Not to oversimplify but it's number of drivers online versus number of pax app opens.

In my area rain doesn't cause surge but snow does. All the Priuses have to sit it out so there are few drivers and lots of folks who need a ride.


----------



## Hokie92

Shangsta said:


> Not to oversimplify but it's number of drivers online versus number of pax app opens.
> 
> In my area rain doesn't cause surge but snow does. All the Priuses have to sit it out so there are few drivers and lots of folks who need a ride.


Seems to me weather is a factor here especially on Ord Airport. I remember a rainy Thursday night and both Lyft and Uber had surge pricing. That was months ago and both platforms change algorithms all the time.


----------



## entrep1776

Shangsta said:


> Not to oversimplify but it's number of drivers online versus number of pax app opens.
> 
> In my area rain doesn't cause surge but snow does. All the Priuses have to sit it out so there are few drivers and lots of folks who need a ride.


My Prius's ears are burning! it didn't sit out a single snow this winter. Although not really much surge due to weather. Probably should have just stayed home.


----------



## Human v2.0

Uber will cap the surges during hurricanes.


----------



## skitty54

Shangsta said:


> Not to oversimplify but it's number of drivers online versus number of pax app opens.
> 
> In my area rain doesn't cause surge but snow does. All the Priuses have to sit it out so there are few drivers and lots of folks who need a ride.


I have studded snows on my Prius, and it handles just fine, although I have the 2107 so it does drive better than my older 2010 model.
(And the proper plural for Prius is Prii (Pronounced Pre-I)


----------



## nickd8775

P


Lee239 said:


> Such as snow storms or heavy rain storms?
> 
> I live in Florida so I'm glad not to have to drive in the snow or on ice.
> 
> When I drove a taxi and we had big snow storms even the next day was almost impossible to get around and a 5 minute trip took half an hour and sometimes you would get stuck in the snow with those lousy rear wheel drive Town cars, plus the potential for accidents was huge. Our boss would not let us charge higher rates so it was a stressful day without making any money, plus most people stayed home anyway.

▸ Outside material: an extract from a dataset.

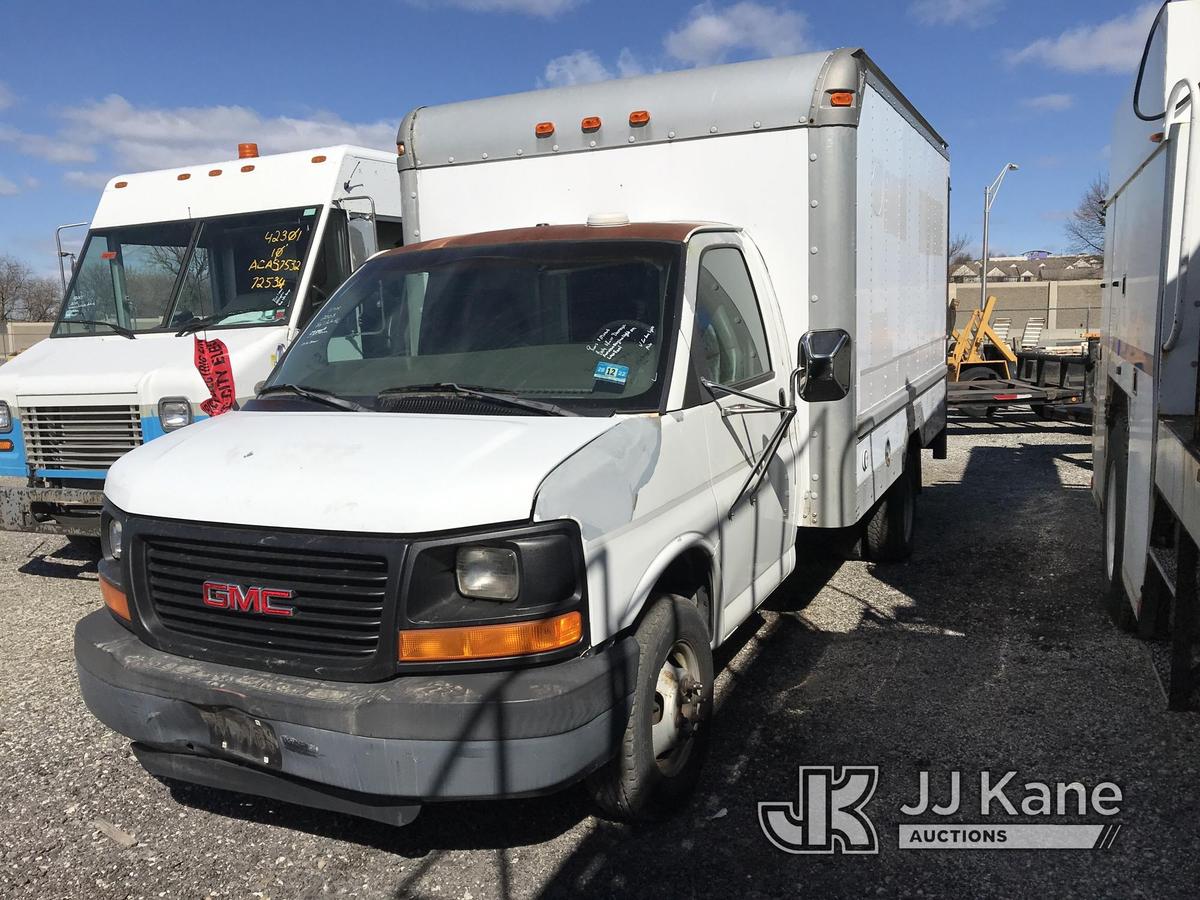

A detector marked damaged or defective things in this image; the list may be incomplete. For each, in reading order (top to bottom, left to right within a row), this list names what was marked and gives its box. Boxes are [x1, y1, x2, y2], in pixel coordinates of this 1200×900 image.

rust on roof [391, 224, 710, 255]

There are areas in your market that always surge in bad weather. Plan to be there when it's raining. 
One of the advantages Uber has vs taxis is the surge. Taxi drivers would stay home in bad weather because they earn less and have more stress. Uber surges higher than taxi rates in bad weather. That causes the full time drivers to drive more on the rainy days.


----------



## JuanMoreTime

So far as I can tell, Surge happens based on two factors:

1: the number of drivers in a given area would be insufficient to maintain a short (<5 minute) pick up time in the event that someone in that area decides to request a ride, regardless of actual demand. In Los Angeles, this appears to be the most common type of surge, as there are out of the way areas and areas with exceptionally high crime rates that most drivers avoid which regularly surge. If you do happen to be in those areas, 90% of the requests you receive will be from outside the surging area, and once enough drivers arrive in the surging area to meet the needs of the algorithm, the surge will disappear. Example areas: San Pedro, San Clemente and Dana Point, Compton, Inglewood, South Central Los Angeles.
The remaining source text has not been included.